▼▼▼
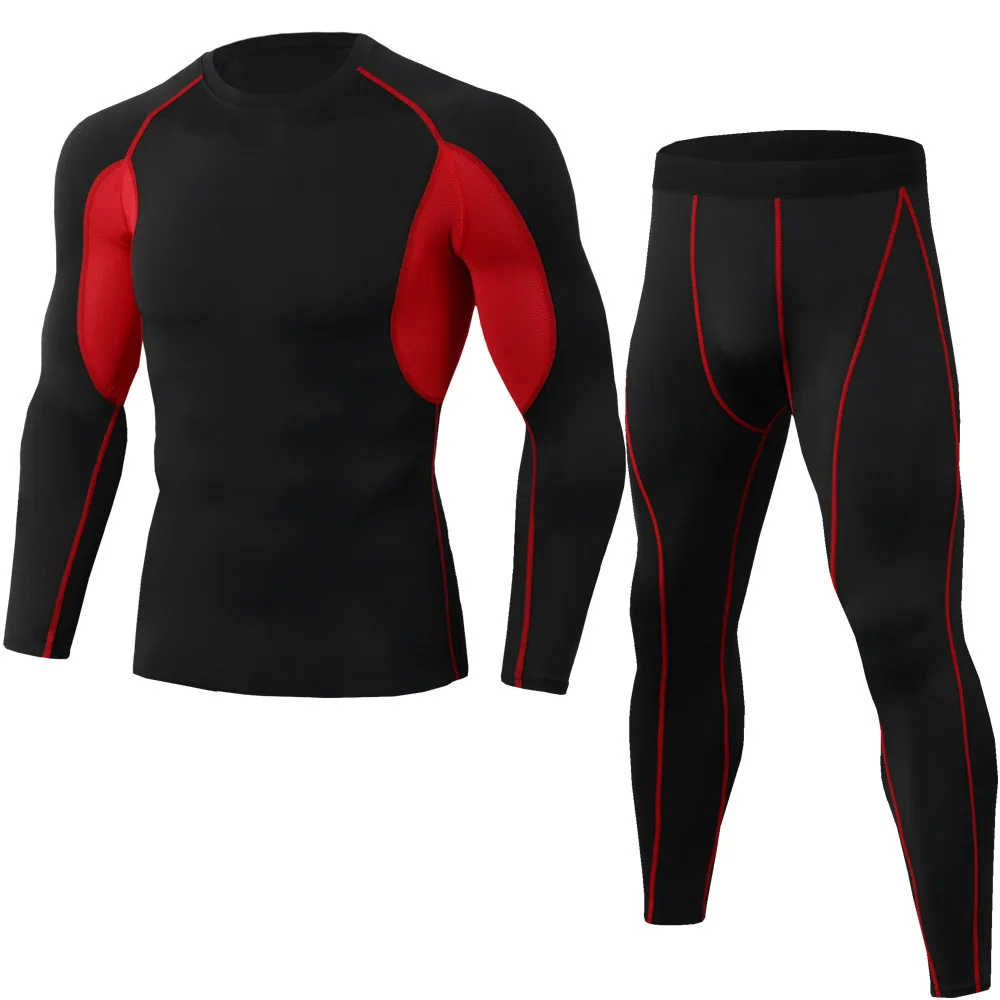Training Bodybuilding Sport 2 Piece Pants Compression Pants Long-Sleeve T-Shirt Compression Short Tights Men Set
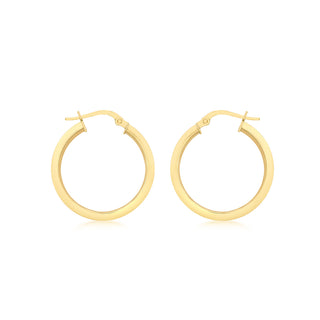 9K Yellow Gold Round Creole Hoop Earrings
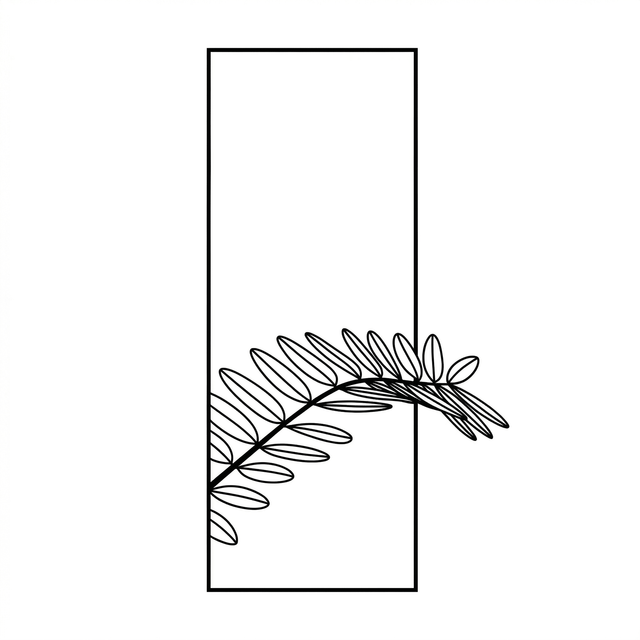 The artwork features a botanical branch through rectangle.
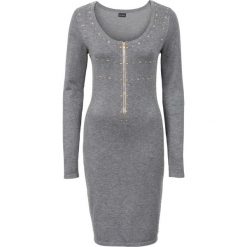 Sukienka dzianinowa z cekinami i zamkiem bonprix szary. Szare sukienki damskie bonprix, z dzianiny, glamour. Za 89.99 zł.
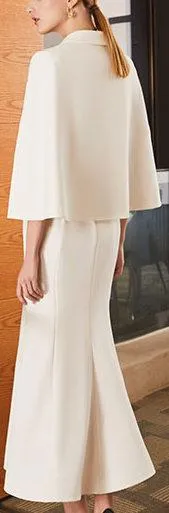 Double-Breasted Belted Cape-Dress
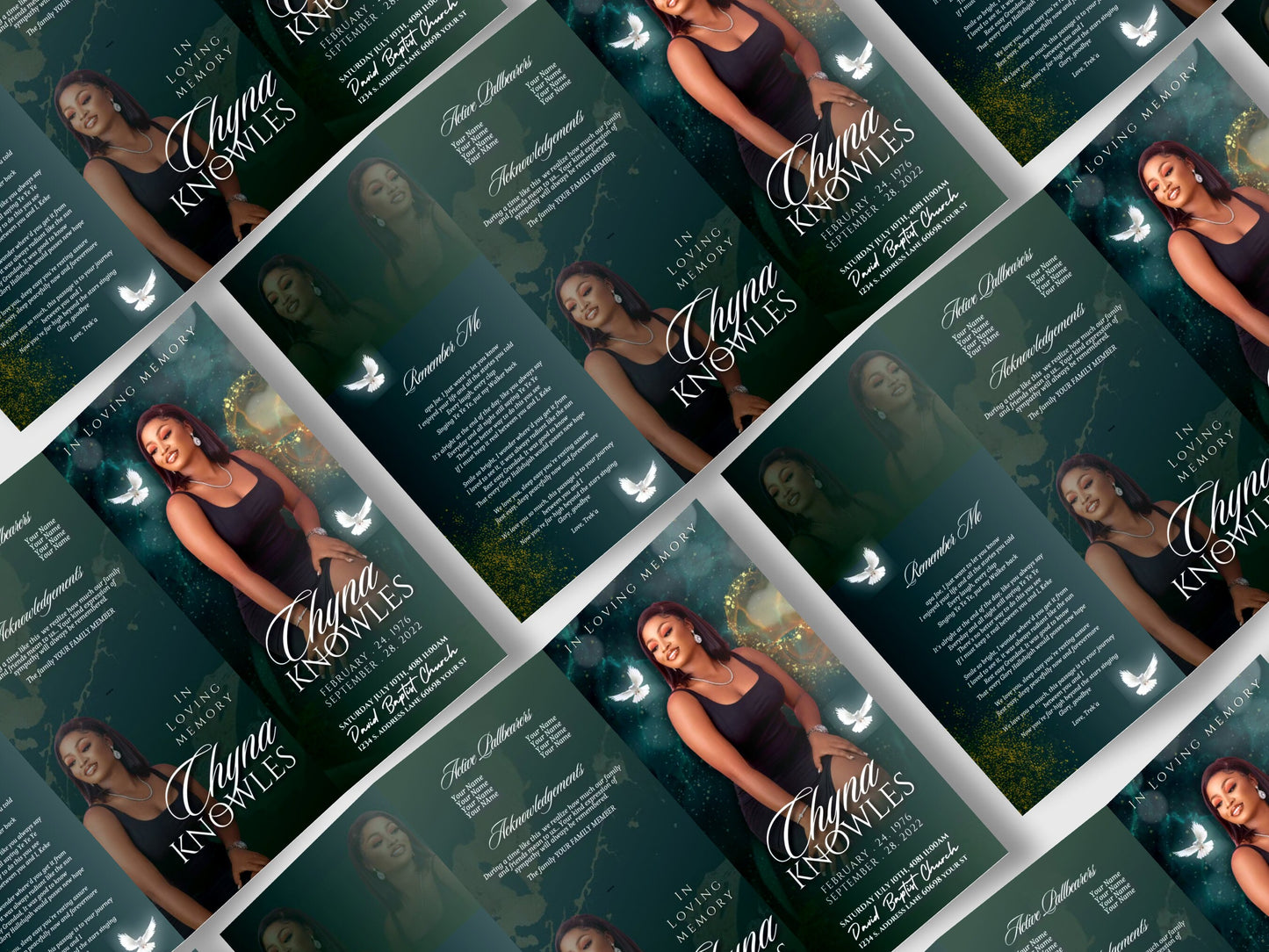 17"x11" FUNERAL PHAMPLET (2 pages) |Emerald Green | In Loving Memory |Classy Obituary | Editable Canva Template
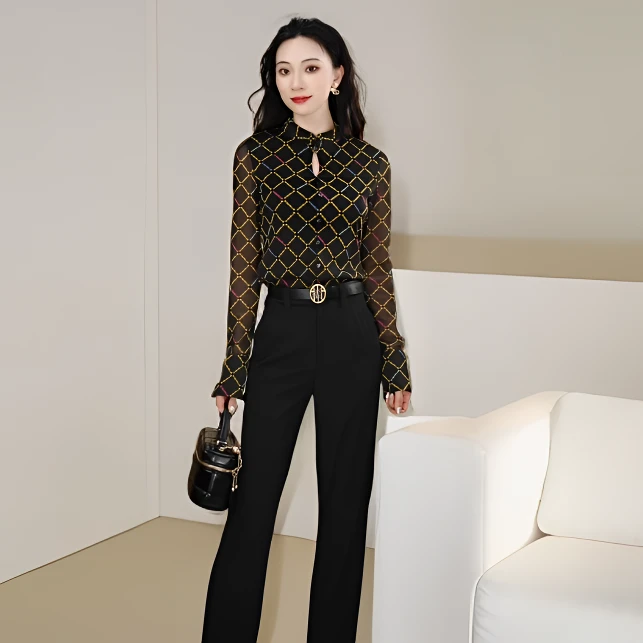 哥弟薄款新中式旗袍领格纹弹力纱衣秋季小个子女士衬衣1301057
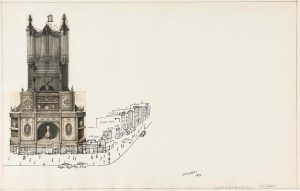 Downtown Building, 1952. Ink and collage on paper, 14 ½ x 22 in. The Art Institute of Chicago; Gift of The Saul Steinberg Foundation.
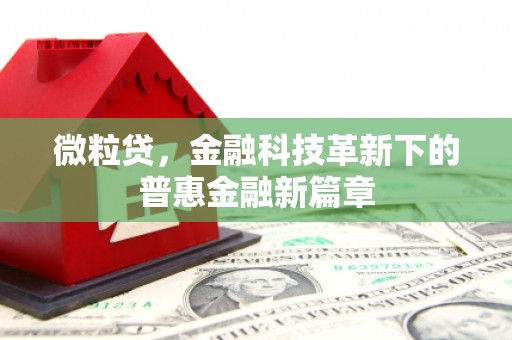 荥阳微粒贷，金融科技革新下的普惠金融新篇章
▲▲▲
- _Task to carry out_
Restate, word for word, all of the material above, leaving out the images.

- _Written reply_
Training Bodybuilding Sport 2 Piece Pants Compression Pants Long-Sleeve T-Shirt Compression Short Tights Men Set
 9K Yellow Gold Round Creole Hoop Earrings
 The artwork features a botanical branch through rectangle.
 Sukienka dzianinowa z cekinami i zamkiem bonprix szary. Szare sukienki damskie bonprix, z dzianiny, glamour. Za 89.99 zł.
 Double-Breasted Belted Cape-Dress
 17"x11" FUNERAL PHAMPLET (2 pages) |Emerald Green | In Loving Memory |Classy Obituary | Editable Canva Template
 哥弟薄款新中式旗袍领格纹弹力纱衣秋季小个子女士衬衣1301057
 Downtown Building, 1952. Ink and collage on paper, 14 ½ x 22 in. The Art Institute of Chicago; Gift of The Saul Steinberg Foundation.
 荥阳微粒贷，金融科技革新下的普惠金融新篇章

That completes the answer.